E se os artistas brasileiros resistiram bravamente aos militares, eles foram o brilho da festa pela volta da democracia no Brasil. Nos palanques pelas Diretas Já!, em 1984, lá estavam eles acompanhados de políticos como Lula, Leonel Brizola, Teotônio Vilela, Ulisses Guimarães, entre tantas outras celebridades, reunindo multidões em todo o país, que tinham o mesmo desejo: votar pra presidente.

Já podaram seus momentos/ Desviaram seu destino/ Seu sorriso de menino/ Quantas vezes se escondeu/ Mas renova-se a esperança/ Nova aurora a cada dia/ E há que se cuidar do broto/ Pra que a vida nos dê/ Flor, flor e fruto“.

A música Coração de Estudante, composta por Milton Nascimento e Wagner Tiso, virou hino do movimento Diretas Já.
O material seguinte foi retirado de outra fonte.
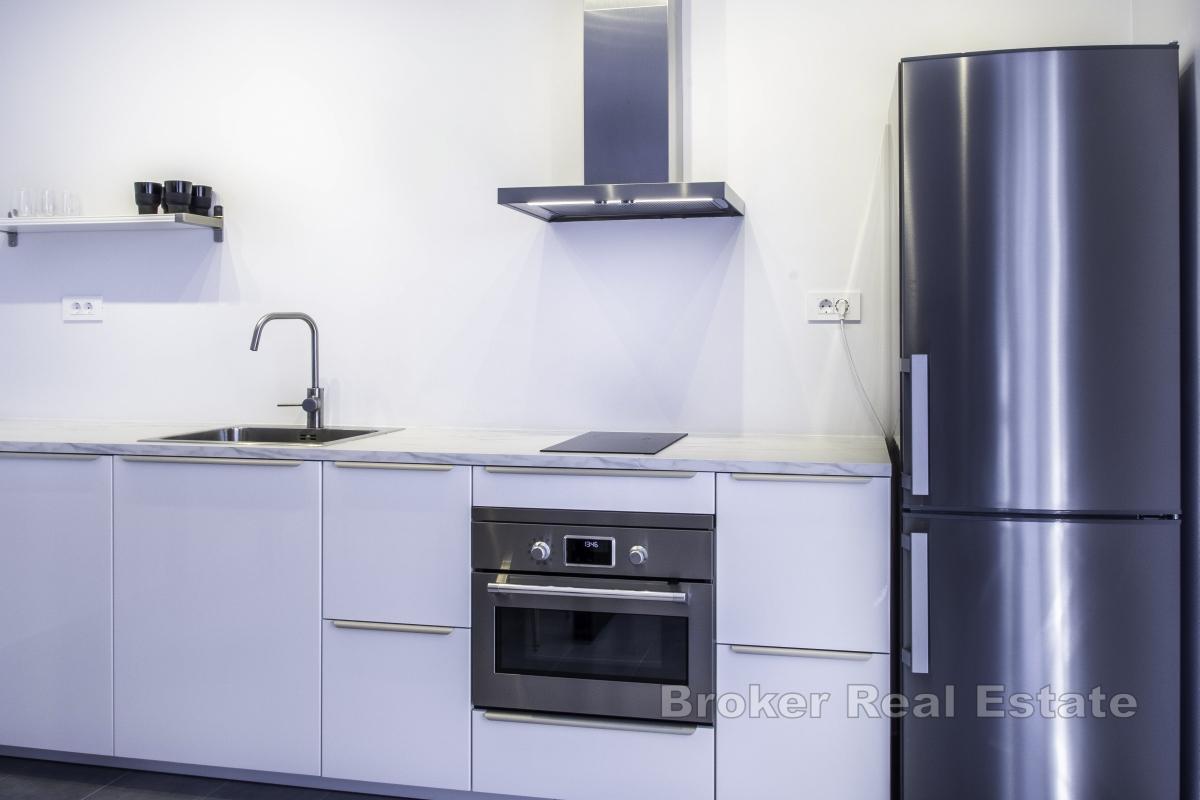 Dvosobni apartman s pogledom na more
O que pouco gente sabe é que ela foi composta originalmente por Tiso para homenagear João Goulart, presidente deposto em 1964, no filme “Jango”, de Silvio Tendler. Quando Milton escreveu letra, ele se inspirou no estudante Edson Luís, um dos primeiros estudantes mortos pela ditadura militar, em 1968.

Hoje

Não é preciso que aconteça mais uma ditadura para que artistas denunciem qualquer abuso, violência ou discriminação dos quais são testemunhas.

A carne mais barata do mercado é a carne negra/ Que vai de graça pro presídio/ E para debaixo do plástico/ Que vai de graça pro subemprego/E pros hospitais psiquiátricos”.

Os atualíssimos versos de “A Carne”, interpretados por Elza Soares, denunciam a dura realidade atual dos negros no país. Eles são maioria nos presídios brasileiros, são vítimas do genocídio da população negra, do racismo institucional e estrutural da sociedade, e são os que ganham menores salários.

Não são só os músicos e suas canções que resistem a qualquer tipo de opressão historicamente no Brasil.  Atores/diretores e seus espetáculos teatrais; artistas plásticos e suas performances; escritores e seus livros; cineastas e seus filmes: são inúmeros os exemplos no Brasil dos que lutaram bravamente pela liberdade de se expressar das mais variadas formas. E eles vão continuar na batalha, porque se calar não é uma opção. Chico Buarque e Gilberto Gil interpretando os versos de “Cálice” no Festival Lula Livre expressam a atualidade da música e da luta por democracia no Brasil.